[Supplied material]
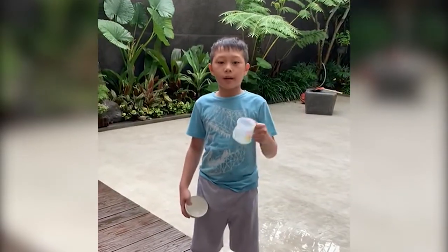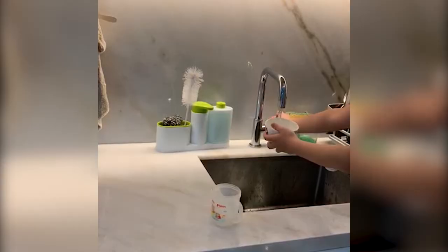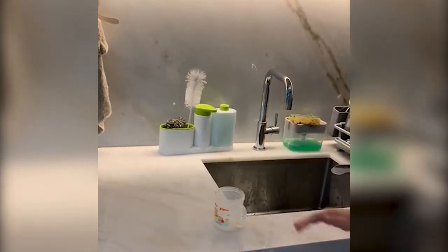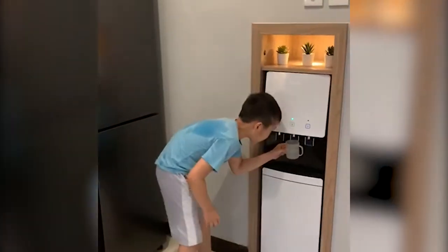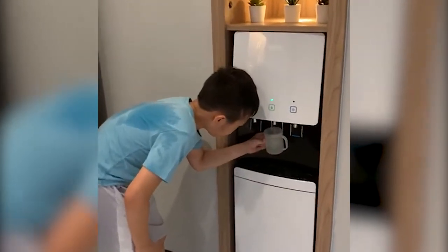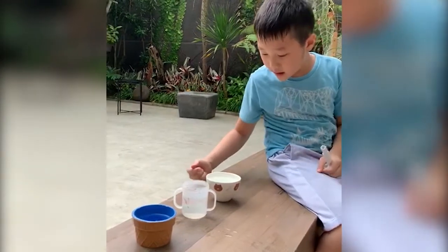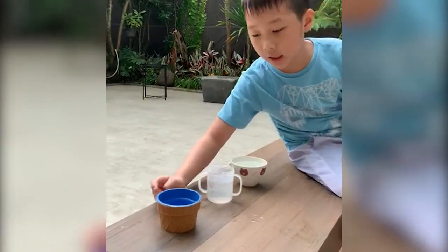Now let's compare the tap water and the drinking water. Now let's do the other drinking water. This is the tap water, the drinking water, and the ring water.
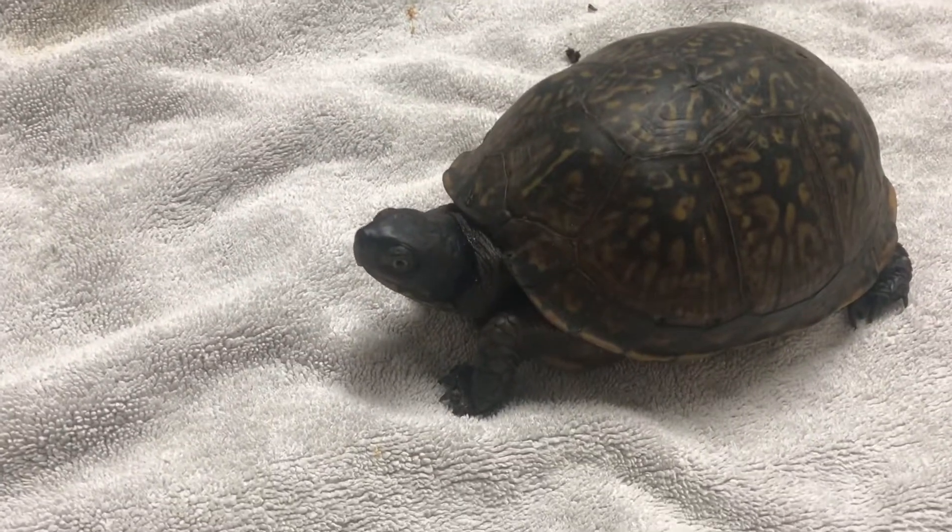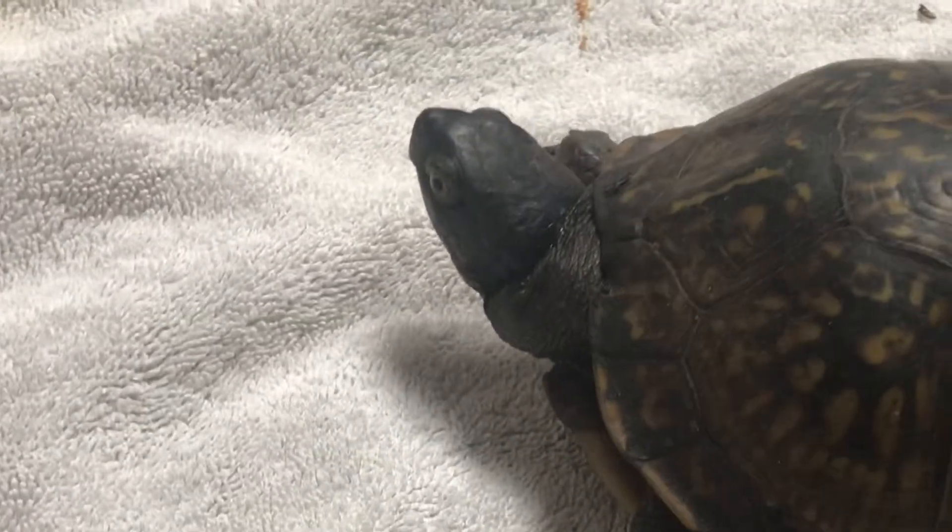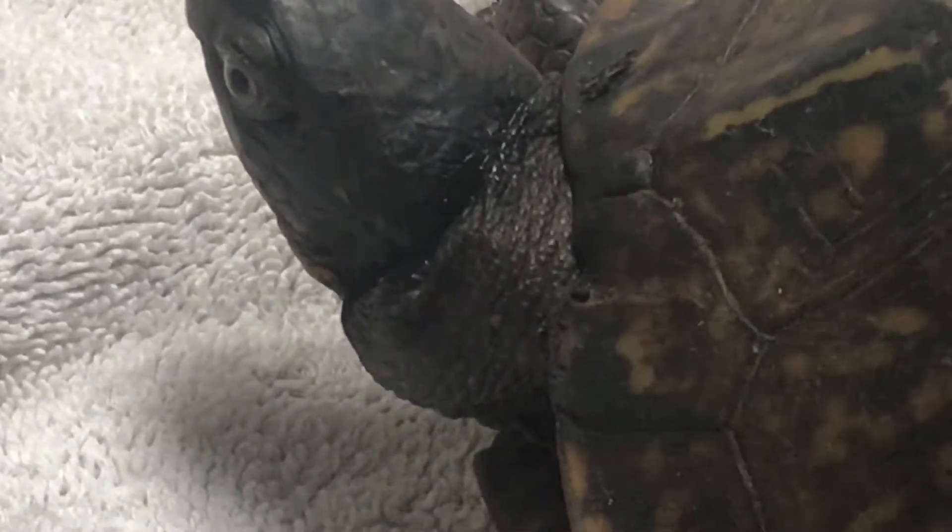This turtle was brought in today with a swelling on the left side of his neck. Although he was hiding earlier, I can now see there is a swelling. We're going to sedate him real quick, figure out what's going on with that swelling, and then take it from there.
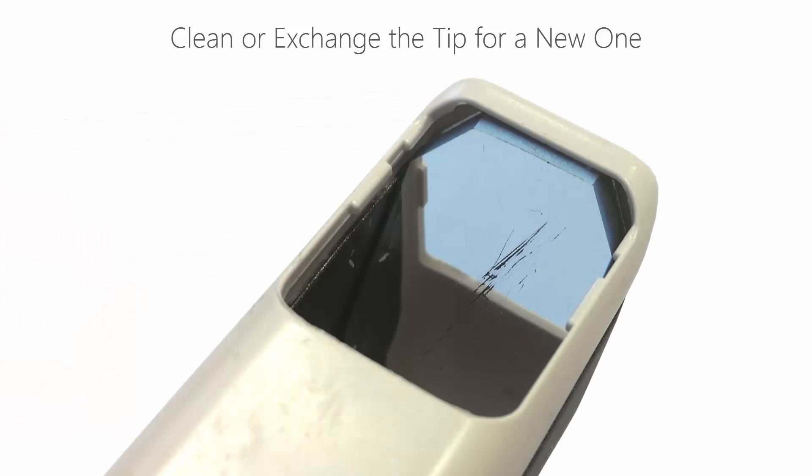In case of scratches, you may have to exchange the tip for a new one if it impacts the scan experience and degrades colours in the 2D view.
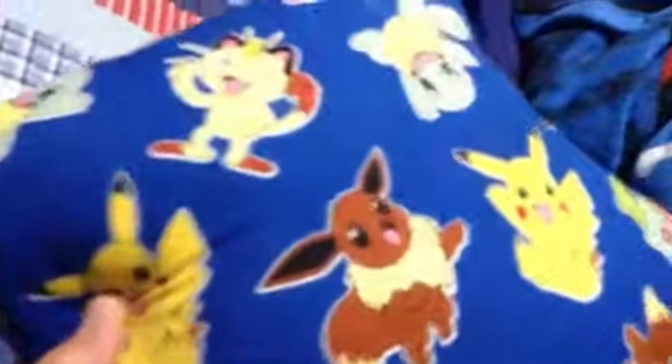So you guys know how I have my Pokemon pillow with Pikachu, Meowth, Squirtle, Bulbasaur, Eevee, and some other Pokemon on it. And I have that orange back. So this is a pillow, obviously, and it's pretty big, I guess. It's not super small, but it's not huge. It's just cool. It's actually pretty, really comfortable, in my opinion.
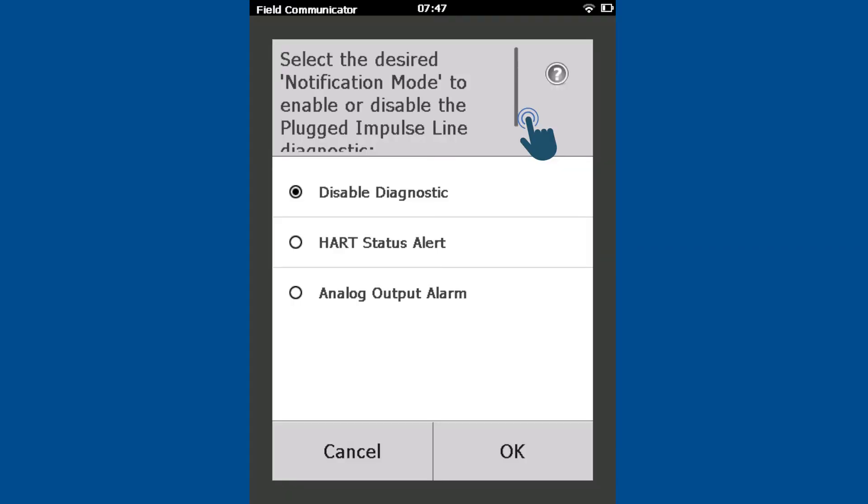Choose the desired notification mode. HART Status Alert will generate a HART alert when a plugging event is detected and clear itself when the transmitter identifies that the event has been resolved. Analog Output Alarm will drive the transmitter to its alarm setting.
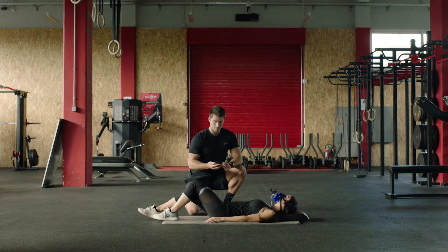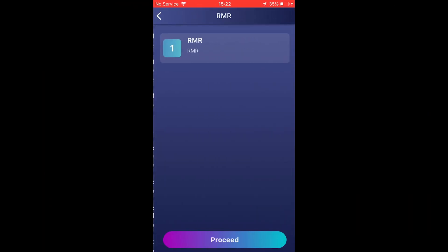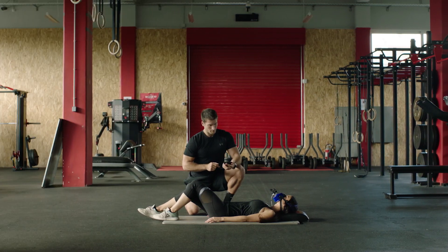To do an RMR test, you follow the same steps as the exercise test. The only difference is that you need to select the RMR protocol. The RMR should last 10 to 15 minutes.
[/Supplied material]
Problem statement:
Quote all the records verbatim, dropping any pictures from your copy.

Your response:
Now let's compare the tap water and the drinking water. Now let's do the other drinking water. This is the tap water, the drinking water, and the ring water.
This turtle was brought in today with a swelling on the left side of his neck. Although he was hiding earlier, I can now see there is a swelling. We're going to sedate him real quick, figure out what's going on with that swelling, and then take it from there.
In case of scratches, you may have to exchange the tip for a new one if it impacts the scan experience and degrades colours in the 2D view.
So you guys know how I have my Pokemon pillow with Pikachu, Meowth, Squirtle, Bulbasaur, Eevee, and some other Pokemon on it. And I have that orange back. So this is a pillow, obviously, and it's pretty big, I guess. It's not super small, but it's not huge. It's just cool. It's actually pretty, really comfortable, in my opinion.
Choose the desired notification mode. HART Status Alert will generate a HART alert when a plugging event is detected and clear itself when the transmitter identifies that the event has been resolved. Analog Output Alarm will drive the transmitter to its alarm setting.
To do an RMR test, you follow the same steps as the exercise test. The only difference is that you need to select the RMR protocol. The RMR should last 10 to 15 minutes.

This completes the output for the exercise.